A Santa Ana City Council member accused of sexual battery and other charges was described Tuesday as a "well-connected" man who used his management power to prey on female employees.
More details were released Tuesday morning when the Orange County District Attorney outlined charges against Carlos Bustamante, the former administration manager for the Orange County Public Works Department who was arrested on his way to a city council meeting Monday.
"He had a type," said OC District Attorney Tony Rackauckas. "County employees who were subordinate to the defendant and women who were emotionally vulnerable."
Jail records showed that Bustamante was released overnight after posting bond.
He faces the following charges:
- Six felony counts of false imprisonment
- Three felony counts of assault with the intent to commit a sexual offense
- One felony count each of stalking, attempted sexual battery by restraint, and grand theft by false pretense
- One misdemeanor count each of battery, assault, sexual battery, and attempted sexual battery with a sentencing enhancement allegation for committing the offenses as a result of sexual compulsion and for the purpose of sexual gratification
During the news conference, Rackauckas read from victims' statements obtained during the investigation.
"'He was really close to our (human resources) manager,'" one woman told investigators, Rackauckas said. "'Everyone's under Carlos, pretty much, everyone. He's like mister, like a god kind of thing.'''
The alleged encounters occurred at Bustamante's office, stairwells, cars in parking lots and other remote areas, Rackauckas said.
"Once they arrived (at the office), he cornered them by closing the door behind them," Rackauckas said.
Arraignment in the case was scheduled for Thursday morning. Calls to Bustamante seeking comment were not immediately returned.
Bustamante resigned from the public works post in October. In a statement, he addressed anonymous letters detailing alleged sexual misconduct with employees that prompted a weeks-long internal investigation.
"The allegations in the anonymous letters were unsubstantiated because they are not true," Bustamante said in a statement at the time. "Therefore I have decided to resign my position with the county and pursue a career in the private sector."
The accusations also involve fraud-related crimes linked Bustamante's participation in a 2010 program at the Harvard Kennedy School in Boston.
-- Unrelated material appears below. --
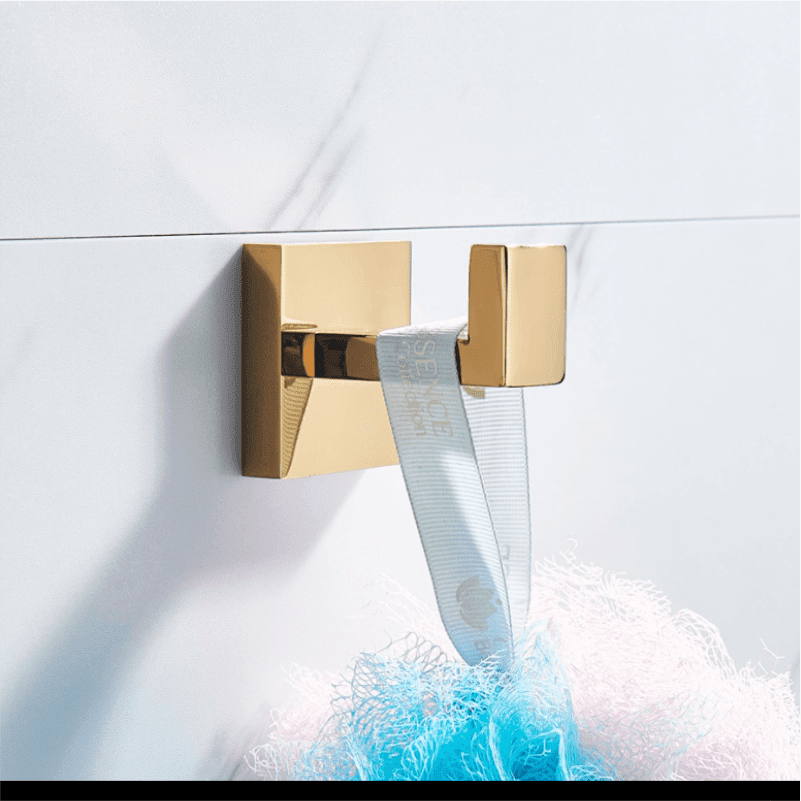 Kit Acessórios Gold Acessórios Torneira Online Gancho/Cabide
During the more-than two week trip, Bustamante agreeed to pay more than $3,000 in tuition for the school's Senior Executives in State and Local Government program, according to the District Attorney.
"The trip, when you add the tuition, meals, airfare, an extra bag, lodging and taxis, should have cost $12,791 and change," Rackauckas said. "Bustamante should have paid at least $3,200.
"When his paper shell game was finished shuffling, the county paid for 97 percent of the junket, instead the agreed upon 75 percent."
Bustamante, who made $170,000 per year working for the county, has been a Santa Ana city councilman since 2004. His term expires in November.